# [EXERCISE DIRECTIONS]
For this exercise, return exactly the lines of the material below that begin at the one with "The Phenomenal Chocolate" and stop after the one with "Dometic Spülbecken eckig".

# [ENTRIES PROVIDED]
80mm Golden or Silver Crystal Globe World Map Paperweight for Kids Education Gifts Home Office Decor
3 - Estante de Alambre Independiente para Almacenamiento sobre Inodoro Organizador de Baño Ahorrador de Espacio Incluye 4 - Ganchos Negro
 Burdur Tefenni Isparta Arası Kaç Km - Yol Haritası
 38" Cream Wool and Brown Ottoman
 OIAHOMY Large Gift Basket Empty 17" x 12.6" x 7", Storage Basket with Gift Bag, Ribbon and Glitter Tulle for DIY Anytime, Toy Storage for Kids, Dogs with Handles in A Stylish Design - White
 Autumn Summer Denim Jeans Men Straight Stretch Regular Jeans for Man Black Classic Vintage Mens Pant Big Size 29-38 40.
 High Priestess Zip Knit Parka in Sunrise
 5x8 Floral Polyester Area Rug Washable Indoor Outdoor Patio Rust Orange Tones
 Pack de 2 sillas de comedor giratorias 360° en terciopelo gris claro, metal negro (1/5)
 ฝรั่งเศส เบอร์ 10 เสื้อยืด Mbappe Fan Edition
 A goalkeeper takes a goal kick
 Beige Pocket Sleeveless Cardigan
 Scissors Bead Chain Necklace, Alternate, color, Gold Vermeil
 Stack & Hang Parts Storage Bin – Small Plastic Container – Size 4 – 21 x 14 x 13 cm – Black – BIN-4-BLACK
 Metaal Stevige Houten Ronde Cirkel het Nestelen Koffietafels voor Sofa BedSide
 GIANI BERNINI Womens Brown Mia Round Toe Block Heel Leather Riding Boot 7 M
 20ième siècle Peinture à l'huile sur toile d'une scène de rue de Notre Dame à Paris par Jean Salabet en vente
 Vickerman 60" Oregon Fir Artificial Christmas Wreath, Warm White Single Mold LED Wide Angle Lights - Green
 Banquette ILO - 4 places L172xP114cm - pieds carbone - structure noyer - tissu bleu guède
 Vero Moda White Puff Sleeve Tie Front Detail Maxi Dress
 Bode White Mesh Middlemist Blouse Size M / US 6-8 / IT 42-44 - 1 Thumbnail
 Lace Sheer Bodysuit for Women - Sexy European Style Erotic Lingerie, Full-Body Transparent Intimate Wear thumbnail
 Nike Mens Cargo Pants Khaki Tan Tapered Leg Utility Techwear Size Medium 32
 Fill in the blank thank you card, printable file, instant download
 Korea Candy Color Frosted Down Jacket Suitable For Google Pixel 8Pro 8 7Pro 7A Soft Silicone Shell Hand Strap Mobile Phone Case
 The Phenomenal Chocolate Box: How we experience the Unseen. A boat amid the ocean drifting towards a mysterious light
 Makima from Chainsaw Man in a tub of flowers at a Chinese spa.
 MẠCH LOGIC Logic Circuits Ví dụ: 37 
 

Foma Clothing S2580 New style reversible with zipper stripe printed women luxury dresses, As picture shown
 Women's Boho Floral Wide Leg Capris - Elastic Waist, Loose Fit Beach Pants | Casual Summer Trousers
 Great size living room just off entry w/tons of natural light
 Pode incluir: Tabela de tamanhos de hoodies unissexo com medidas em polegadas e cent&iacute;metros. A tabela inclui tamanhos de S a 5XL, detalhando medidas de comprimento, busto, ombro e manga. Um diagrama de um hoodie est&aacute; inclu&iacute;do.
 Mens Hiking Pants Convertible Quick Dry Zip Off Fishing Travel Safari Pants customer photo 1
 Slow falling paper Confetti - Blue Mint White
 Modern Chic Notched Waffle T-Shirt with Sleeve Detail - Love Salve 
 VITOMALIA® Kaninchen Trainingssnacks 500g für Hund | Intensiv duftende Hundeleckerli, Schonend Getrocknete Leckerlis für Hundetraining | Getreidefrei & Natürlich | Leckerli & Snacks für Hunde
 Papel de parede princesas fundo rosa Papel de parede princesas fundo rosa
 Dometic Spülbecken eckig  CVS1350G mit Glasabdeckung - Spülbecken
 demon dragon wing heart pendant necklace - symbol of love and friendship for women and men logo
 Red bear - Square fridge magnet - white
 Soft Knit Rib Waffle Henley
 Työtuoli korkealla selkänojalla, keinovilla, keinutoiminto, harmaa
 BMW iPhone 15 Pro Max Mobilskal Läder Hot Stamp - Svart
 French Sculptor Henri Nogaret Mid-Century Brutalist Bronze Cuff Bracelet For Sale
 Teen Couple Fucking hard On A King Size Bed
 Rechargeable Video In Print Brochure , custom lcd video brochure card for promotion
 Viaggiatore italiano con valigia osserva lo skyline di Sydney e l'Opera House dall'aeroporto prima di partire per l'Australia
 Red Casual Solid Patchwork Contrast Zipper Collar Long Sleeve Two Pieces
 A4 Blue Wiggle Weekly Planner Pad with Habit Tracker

# [COMPLETED TASK]
 The Phenomenal Chocolate Box: How we experience the Unseen. A boat amid the ocean drifting towards a mysterious light
 Makima from Chainsaw Man in a tub of flowers at a Chinese spa.
 MẠCH LOGIC Logic Circuits Ví dụ: 37 
 

Foma Clothing S2580 New style reversible with zipper stripe printed women luxury dresses, As picture shown
 Women's Boho Floral Wide Leg Capris - Elastic Waist, Loose Fit Beach Pants | Casual Summer Trousers
 Great size living room just off entry w/tons of natural light
 Pode incluir: Tabela de tamanhos de hoodies unissexo com medidas em polegadas e cent&iacute;metros. A tabela inclui tamanhos de S a 5XL, detalhando medidas de comprimento, busto, ombro e manga. Um diagrama de um hoodie est&aacute; inclu&iacute;do.
 Mens Hiking Pants Convertible Quick Dry Zip Off Fishing Travel Safari Pants customer photo 1
 Slow falling paper Confetti - Blue Mint White
 Modern Chic Notched Waffle T-Shirt with Sleeve Detail - Love Salve 
 VITOMALIA® Kaninchen Trainingssnacks 500g für Hund | Intensiv duftende Hundeleckerli, Schonend Getrocknete Leckerlis für Hundetraining | Getreidefrei & Natürlich | Leckerli & Snacks für Hunde
 Papel de parede princesas fundo rosa Papel de parede princesas fundo rosa
 Dometic Spülbecken eckig  CVS1350G mit Glasabdeckung - Spülbecken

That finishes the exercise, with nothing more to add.